REQUIRED WORK: Search the listing below for the line containing "Мейн куун търси партньор". From there through the line containing "cat sleeping, pet, animal, mammal, manx, abyssinian, face, bed", transcribe every line exactly, both ends included.

═════ DATASET EXTRACT

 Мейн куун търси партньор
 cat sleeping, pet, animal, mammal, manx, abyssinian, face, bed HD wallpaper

══════════
═════ DATASET EXTRACT

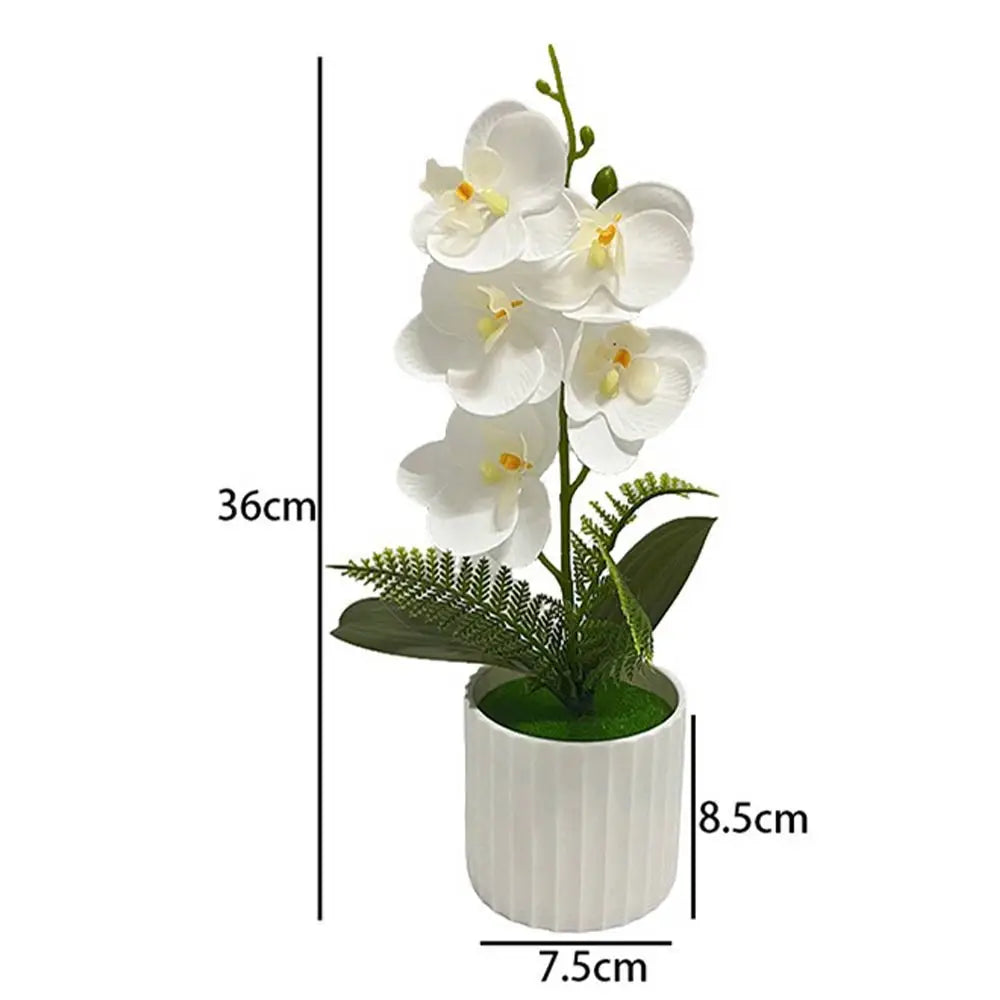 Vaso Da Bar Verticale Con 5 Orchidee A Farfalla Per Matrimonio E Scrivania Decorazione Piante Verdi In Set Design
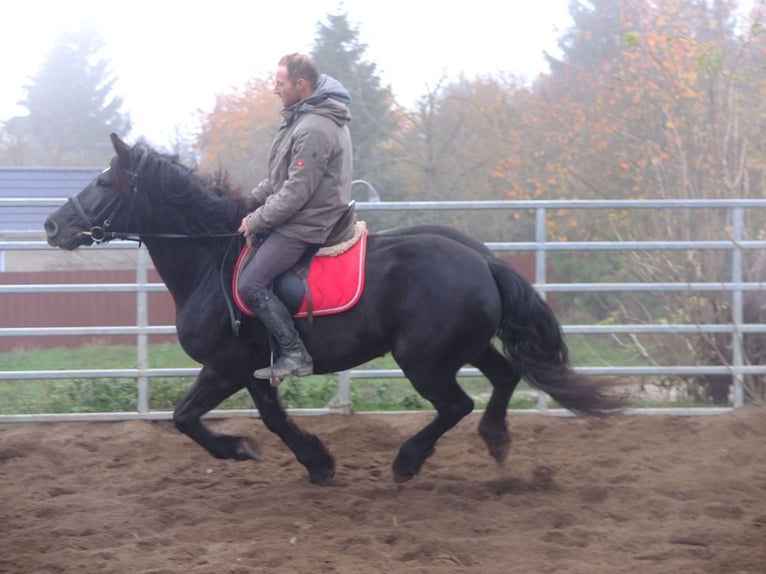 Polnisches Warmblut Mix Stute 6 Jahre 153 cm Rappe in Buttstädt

══════════
═════ DATASET EXTRACT

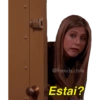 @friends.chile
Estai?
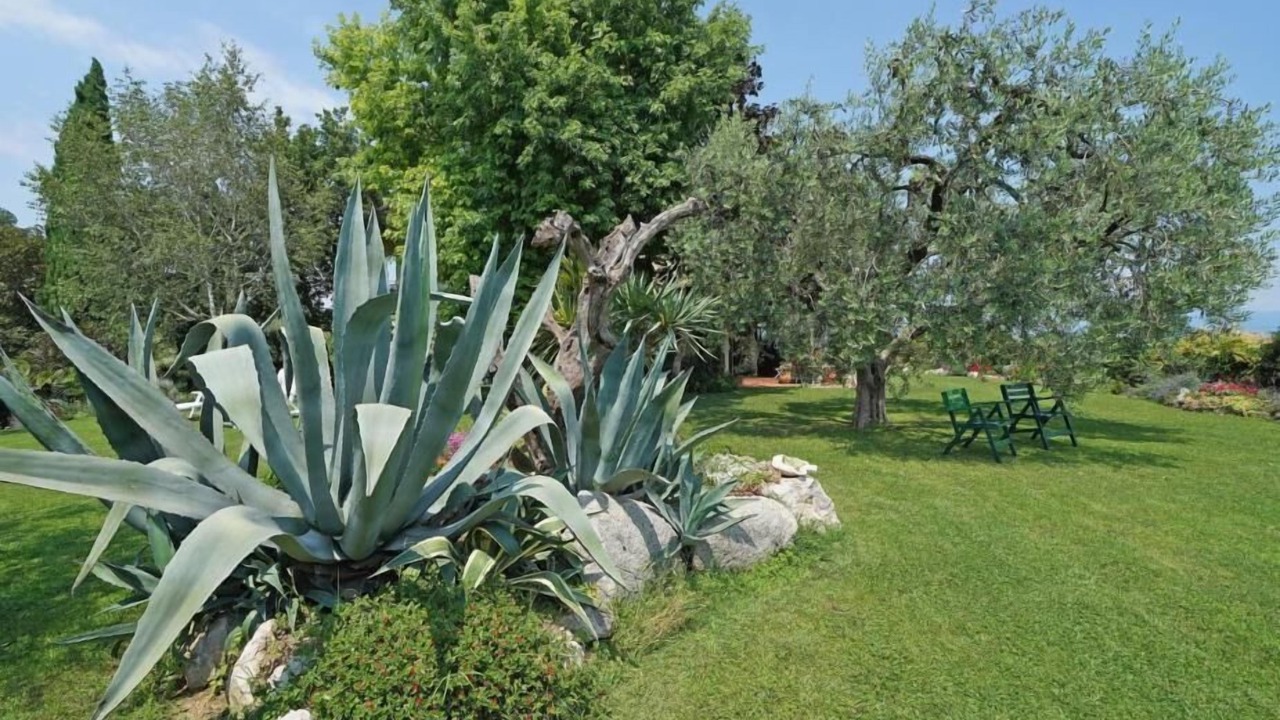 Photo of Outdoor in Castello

══════════

RESPONSE:
 Мейн куун търси партньор
 cat sleeping, pet, animal, mammal, manx, abyssinian, face, bed HD wallpaper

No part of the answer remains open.